Since his debut, the tone and feel of Batman has evolved. Through the late 1930s and 40s, the comics were much darker with a hard-boiled feel, with multiple murders often occurring in one issue.
In response to the level of violence in early comic books, the Comics Magazine Association of America introduced the Comics Code Authority in the 1950s to allow publishers to self-regulate the content of their issues. The Batman issues that came out in the 1950s and 60s had a much more light-hearted, campy feel, much like the Adam West “Batman” television series of that decade as well.
By the 70s, movies and television were pushing the envelope and the code was updated in 1971 to allow comics to do so as well. The Batman comic books went back to their darker tone and the hero’s internal struggle became more of a focal point.
Nevertheless, the evolution of the Batman is a testament to the popularity and solidness of the character. I can think of no other character that could go from being portrayed as a campy buffoon by Adam West to a tortured soul by Christian Bale and keep its fans.
Since his debut, Batman has had starring roles in more than 60 comic books, most notably his own and Detective Comics (prior to his debut, it was a hard-boiled detective series). He has also been the subject of 11 movies, a television series, 42 animated series or features, 28 video games and one radio series. Unless you are obsessed, it would be impossible to keep up with all of these, but here are a few items worth checking out.
- Batman Chronicles, Vol. 1: This anthology contains Detective Comics issues #27-37 and Batman #1, showing how the character came to be.
- Batman, The Greatest Stories Ever Told, Vol. 2: A great walk-through of the Batman saga through more than a dozen issues spanning 60 years.
- Batman – The Movie (1966): While Adam West seems out of place as Batman in this day and age, this movie captures the era of light-hearted silliness and is still fun to watch today.

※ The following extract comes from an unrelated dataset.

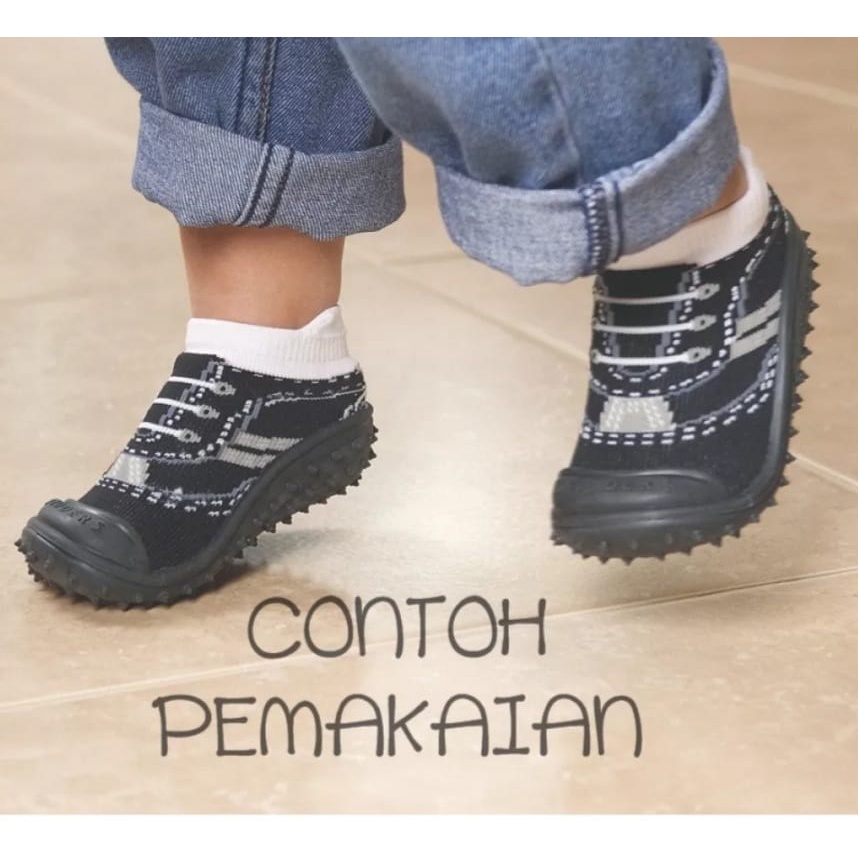 SKIDDER Sepatu Bayi Alas Karet SKIDDERS / Sepatu Bayi Prewalker SK1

- Batman: The Dark Knight Returns: In this series by Frank Miller of “Sin City” fame, an aging Batman comes out of retirement to save Gotham City in what may be the greatest Batman story ever told.
- Batman: The Killing Joke: The wonderful graphic novel by Alan Moore, creator of “Watchmen,” tells what may be the most disturbing Batman tale ever and explores the sanity of The Joker, Batman and Commissioner Gordon.
- A Death in the Family: In this shocking four part series about the Joker’s murder of the Jason Todd Robin, the series showed that it was not afraid to eliminate one of its main characters. Other comic book franchises are not so brave.
- Batman (1989): Director Tim Burton’s take on the Dark Knight was part gothic, part camp and one of the biggest event movies of the 1980s.
- Batman: The Animated Series (1992-1995): One of the most visually stunning animated series ever appealed to Batman fans from all decades.
- The Dark Knight Trilogy: Never before has a movie series reinvigorated a comic book character in a manner that energized the loyal fan base and added a legion of new fans.
- Batman: Arkham Asylum: Of all the video games where Batman has been featured, this revolutionary one for the Playstation 3 and Xbox 360 is the best and considered by many video game fans to be a masterpiece.